New Research on Women’s Suffrage at the Centennial
This session will take place at the 2020 OAH Annual Meeting | Conference on American History in Washington, D.C. Read the full abstract and speaker information here.
The 2020 centennial of the ratification of the 19th Amendment has already elicited tremendous scholarly press and popular attention, with several new re-interpretations of the movement recently published or forthcoming in 2020. The 2020 suffrage centennial also coincides with the 150th anniversary of the ratification of the 15th Amendment and a highly contested election in which citizens’ access to the ballot remains a defining issue. This roundtable will preview new scholarship on suffrage, highlight the key points of discussion in 2020 – including links between the suffrage movement and #MeToo, voter suppression, grassroots organizing, and women's activism, both progressive and conservative -- to suggest how we as historians might best participate in and help facilitate conversations about women’s suffrage commemoration and the continued struggle for voting rights in 2020.
This roundtable features several of the scholars who have contributed to the suffrage centennial special issue of the Journal of the Gilded Age and Progressive Era (forthcoming July 2020): Crystal Feimster, Kimberly Hamlin, Lauren MacIvor Thompson, Rachel Gunter, Sunu Kodumthara, and Kara Swanson.

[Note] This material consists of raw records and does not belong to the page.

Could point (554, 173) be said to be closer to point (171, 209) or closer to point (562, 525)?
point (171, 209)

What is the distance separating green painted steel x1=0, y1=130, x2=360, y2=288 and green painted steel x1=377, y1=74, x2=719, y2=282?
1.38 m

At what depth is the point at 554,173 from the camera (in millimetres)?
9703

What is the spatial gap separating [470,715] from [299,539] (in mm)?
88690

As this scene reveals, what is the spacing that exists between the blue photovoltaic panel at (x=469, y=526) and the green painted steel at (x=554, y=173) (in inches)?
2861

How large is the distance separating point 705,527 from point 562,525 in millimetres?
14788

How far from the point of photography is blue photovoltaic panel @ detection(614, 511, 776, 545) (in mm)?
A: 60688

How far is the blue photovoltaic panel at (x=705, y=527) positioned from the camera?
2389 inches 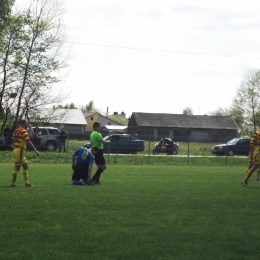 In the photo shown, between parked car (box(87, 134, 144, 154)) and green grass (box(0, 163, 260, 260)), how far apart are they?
26139 millimetres

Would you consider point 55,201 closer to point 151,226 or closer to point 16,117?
point 151,226

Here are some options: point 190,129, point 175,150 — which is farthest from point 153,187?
point 190,129

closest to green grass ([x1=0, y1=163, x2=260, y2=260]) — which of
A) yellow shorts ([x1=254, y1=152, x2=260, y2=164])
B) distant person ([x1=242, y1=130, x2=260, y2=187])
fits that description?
distant person ([x1=242, y1=130, x2=260, y2=187])

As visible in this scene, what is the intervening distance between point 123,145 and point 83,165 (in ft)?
78.8

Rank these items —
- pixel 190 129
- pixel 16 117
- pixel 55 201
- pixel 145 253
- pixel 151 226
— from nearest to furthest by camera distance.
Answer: pixel 145 253 < pixel 151 226 < pixel 55 201 < pixel 16 117 < pixel 190 129

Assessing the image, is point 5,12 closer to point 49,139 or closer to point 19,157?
point 49,139

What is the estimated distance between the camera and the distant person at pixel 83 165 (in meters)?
17.4

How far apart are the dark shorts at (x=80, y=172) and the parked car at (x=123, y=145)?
23.2 m

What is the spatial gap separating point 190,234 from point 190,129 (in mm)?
90178

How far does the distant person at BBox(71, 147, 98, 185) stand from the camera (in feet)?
57.2

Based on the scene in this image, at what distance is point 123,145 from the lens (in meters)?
41.7

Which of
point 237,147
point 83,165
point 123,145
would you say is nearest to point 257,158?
point 83,165

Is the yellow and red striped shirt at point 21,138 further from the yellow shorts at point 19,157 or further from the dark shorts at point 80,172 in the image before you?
the dark shorts at point 80,172

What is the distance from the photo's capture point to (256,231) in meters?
9.20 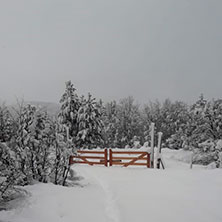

Whereas the existing history of the woman suffrage movement has focused primarily on white women’s participation through mainstream suffrage organizations, this roundtable highlights new research focusing on race, science, and sex, illuminating a vast number of previously untold suffrage stories and complicating the stories we thought we did know.
Understanding that demands for women’s suffrage took place during a moment of fraught citizenship, Rachel Gunter analyzes how claims for women voting worked in the larger context of debates about non-citizen voting and the disfranchisement of servicemen. Kimberly Hamlin’s study of Congressional documents and correspondence between the National American Woman Suffrage Association (NAWSA) Congressional Committee and key members of Congress reveals the extent to which the 19th Amendment was discussed in terms of the 15th. Not only did Congressmen resist the idea of black women voting, they also feared that ratification of the 19th Amendment would somehow prompt the enforcement of the 15th. Sunu Kodumthara focuses on women who opposed the ballot and reveals how anti-suffrage women reluctantly transitioned into voters in the 1920s, often in order to counteract the influence that they feared “other” voting women would have.
Participants also expand our understanding of suffrage history by foregrounding debates about woman voting in new contexts. Kara Swanson mines the ways in which white suffragists and African Americans applied for – and then publicized—patents as an alternative way to make claims for citizenship, incorporating the history of technology into women’s rights history. Drawing on insights from the history of medicine and sexual history, Lauren MacIvor Thompson explores the previously understudied links between the suffrage and birth control movements, highlighting the women, such as Crystal Eastman and Katherine Dexter McCormick, who were involved in both reforms.
Each contributor will preview their research and suggest questions to facilitate broader conversations about how historians might approach the suffrage centennial in their classrooms, research, and public events. While acknowledging 1920 as an important moment, this roundtable will also destabilize it, emphasizing that for women of color continuity reigned rather than change, and stressing new questions that we might ask about how race, sex, and science were deeply linked with women’s political lives.